I’ve cleared shoot houses both in the daytime and in low-light conditions with white lights and night vision gear, have interdicted targets from a helicopter, and shot terrorist robots in a prison cell block raid. I have won force-on-force training scenarios, and have lost them miserably. I’ve been humbled in shooting competitions, and even won one. I’ve broken guns and optics and holsters. I’ve been bled and burned and scarred. Next week, I’ll be in training again, hoping to earn my certification as an instructor in vehicle close quarter combat (VCQB).
But most of all, I’ve tried to listen, both on the range and in conversations public and private, with men and women far better trained and far more experienced with the use and effects of the tool of violence than I will ever be.
You know what I’ve learned about gun-fighting in all that time?
Yeah, yeah, I know. It sounds like a complete copout, doesn’t it?
The thing is, the more I train and analyze real gunfights and scenario-based training, the more this rings true, and grizzled veterans with bodies under their belts are the ones who are the most adamant about this reality. They’ve seen entire fire teams of the best operators in the world cut down with a single ragged burst from a PKM in a perfect ambush. They’ve seen untrained children and the infirm elderly put prison-hardened criminals in body bags. They know that while the highly-skilled and well-equipped have a distinct advantage in real-world gunfights—one shooting school I know has had 63 students involved in documented gunfights, where every single student who was armed defeated the criminals who attacked them—there is always an element of fate involved. Bad guys get off lucky shots. Good guys have bad days. Unexpected things happen.

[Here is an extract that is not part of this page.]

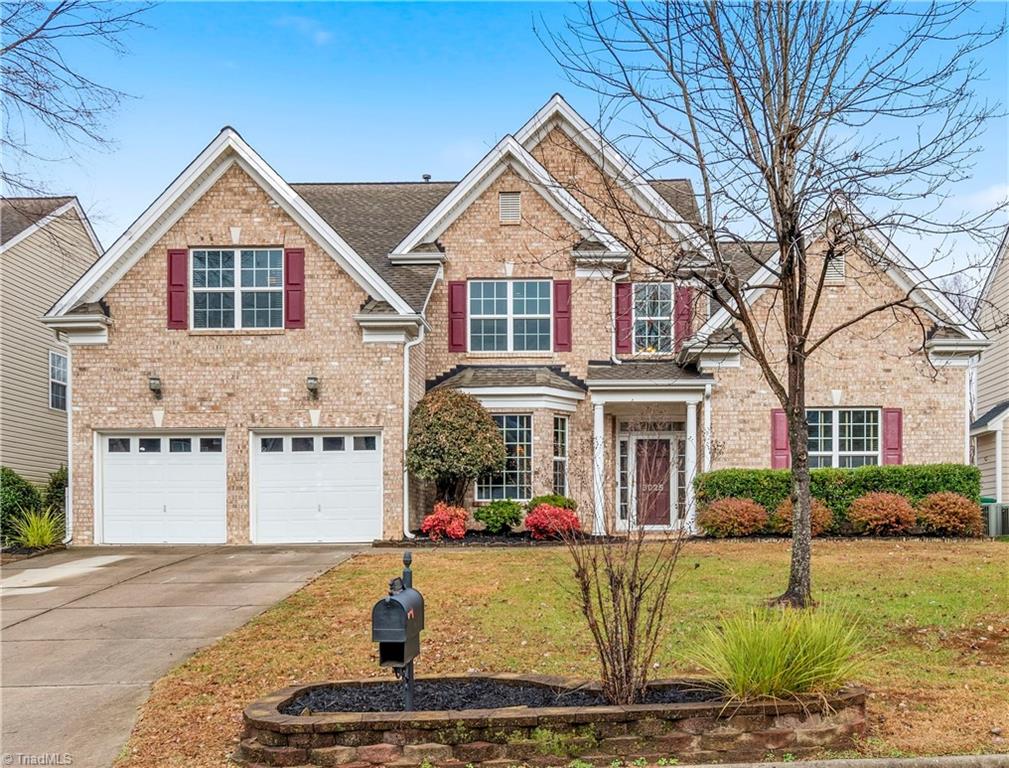 3025 Sycamore Point Trail High Point, NC 27265 - Photo 1 of 39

What I’m coming to understand after all I’ve done and watched and listened to is that you are going to have your best shot at “winning” a confrontation by learning how criminals select victims, and ensuring that the behaviors you exhibit deselect you from their target of possible targets.
My friend and trainer Steve Tarani calls this “prefense.” Dr. William Aprill calls it confronting the unthinkable. Firearms instructors at every level will often speak of “situational awareness” with varying levels of detail and competence to the point the phrase is clichéd.
Whether or not you or a loved one carries a firearm, I strongly advise that you find a highly-experienced self-defense instructor to help you and your family build a solid defensive mindset and way of viewing the world and your surroundings to identify potentially threatening situations and people and move away from them, before the threat becomes immediate.
This is not a natural skill for most people, but it is something that can be developed, and once it is ingrained and internalized, becomes natural in your daily life.
Would I still recommend getting quality defensive firearms training and carrying a firearm to protect yourself and those you want to defend? Absolutely. After all, there are many variables in life and you cannot control all of them.
Combining a defensive mindset with the right tools, however, can equip you to avoid the vast majority of potential threats, and then stand a much better chance of surviving those confrontations you can’t avoid.